## EXERCISE DESCRIPTION
Report each line of the entries below that has the word "want" in it.

## DATASET EXTRACT
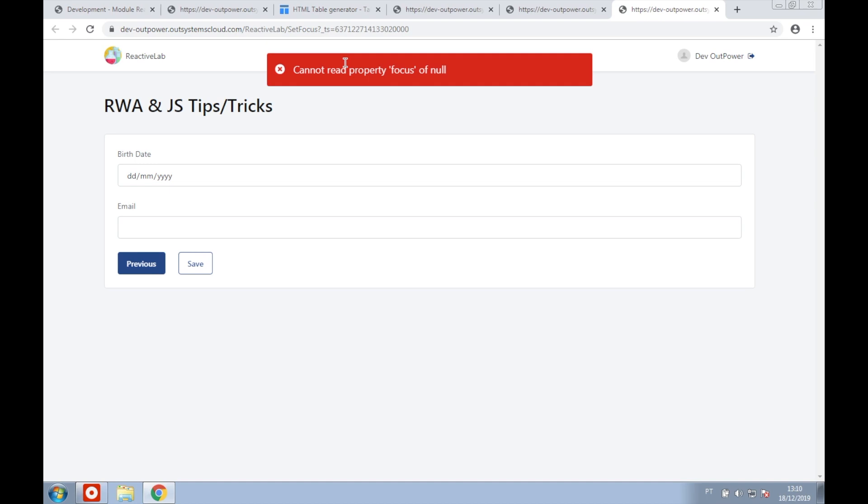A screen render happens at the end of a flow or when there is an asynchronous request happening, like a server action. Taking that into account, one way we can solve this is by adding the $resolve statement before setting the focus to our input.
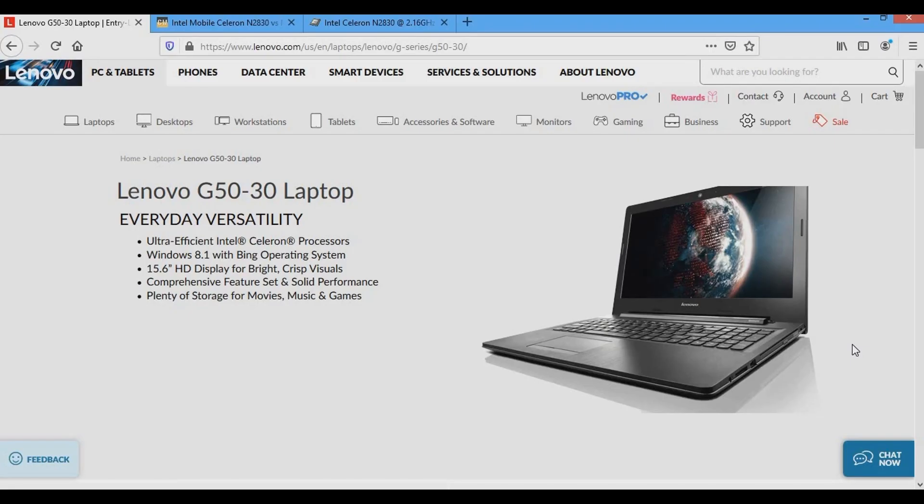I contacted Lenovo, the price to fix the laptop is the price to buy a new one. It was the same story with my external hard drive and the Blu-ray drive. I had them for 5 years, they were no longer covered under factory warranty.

---

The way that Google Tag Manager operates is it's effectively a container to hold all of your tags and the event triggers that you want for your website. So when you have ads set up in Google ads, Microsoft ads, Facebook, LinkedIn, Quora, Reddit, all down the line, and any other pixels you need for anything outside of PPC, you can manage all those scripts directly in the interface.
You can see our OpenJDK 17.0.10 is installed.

...

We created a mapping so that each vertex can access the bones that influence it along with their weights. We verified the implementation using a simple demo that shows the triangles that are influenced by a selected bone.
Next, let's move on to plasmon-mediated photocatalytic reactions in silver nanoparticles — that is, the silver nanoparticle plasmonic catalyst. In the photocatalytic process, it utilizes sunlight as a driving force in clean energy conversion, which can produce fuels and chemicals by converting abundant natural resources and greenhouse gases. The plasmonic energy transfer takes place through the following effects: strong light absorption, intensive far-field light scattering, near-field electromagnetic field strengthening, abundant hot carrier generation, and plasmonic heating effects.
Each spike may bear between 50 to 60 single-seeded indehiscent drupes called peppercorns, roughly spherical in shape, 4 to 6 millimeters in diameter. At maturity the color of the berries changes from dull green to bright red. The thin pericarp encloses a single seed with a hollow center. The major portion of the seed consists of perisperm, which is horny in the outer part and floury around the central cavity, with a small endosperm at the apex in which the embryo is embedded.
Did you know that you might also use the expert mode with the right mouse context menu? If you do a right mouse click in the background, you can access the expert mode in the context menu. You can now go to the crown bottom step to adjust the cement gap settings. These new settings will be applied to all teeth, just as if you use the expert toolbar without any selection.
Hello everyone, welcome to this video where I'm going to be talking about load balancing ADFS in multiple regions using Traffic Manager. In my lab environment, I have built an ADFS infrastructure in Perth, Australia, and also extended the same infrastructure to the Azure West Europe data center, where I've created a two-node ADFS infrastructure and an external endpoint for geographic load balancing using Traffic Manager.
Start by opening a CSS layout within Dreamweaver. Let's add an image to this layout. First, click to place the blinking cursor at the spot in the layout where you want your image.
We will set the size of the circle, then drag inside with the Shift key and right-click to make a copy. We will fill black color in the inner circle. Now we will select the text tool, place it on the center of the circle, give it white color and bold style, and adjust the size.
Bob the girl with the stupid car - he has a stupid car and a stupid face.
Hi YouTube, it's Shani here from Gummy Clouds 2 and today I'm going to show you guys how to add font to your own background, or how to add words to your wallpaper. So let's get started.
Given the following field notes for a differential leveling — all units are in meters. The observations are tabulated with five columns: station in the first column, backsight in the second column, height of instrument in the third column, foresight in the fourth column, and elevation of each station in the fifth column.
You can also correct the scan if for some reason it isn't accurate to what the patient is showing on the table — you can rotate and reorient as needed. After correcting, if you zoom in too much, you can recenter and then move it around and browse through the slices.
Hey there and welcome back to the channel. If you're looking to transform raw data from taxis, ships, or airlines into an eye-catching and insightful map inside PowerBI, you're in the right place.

## OUTPUT FOR THIS TASK
The way that Google Tag Manager operates is it's effectively a container to hold all of your tags and the event triggers that you want for your website. So when you have ads set up in Google ads, Microsoft ads, Facebook, LinkedIn, Quora, Reddit, all down the line, and any other pixels you need for anything outside of PPC, you can manage all those scripts directly in the interface.
Start by opening a CSS layout within Dreamweaver. Let's add an image to this layout. First, click to place the blinking cursor at the spot in the layout where you want your image.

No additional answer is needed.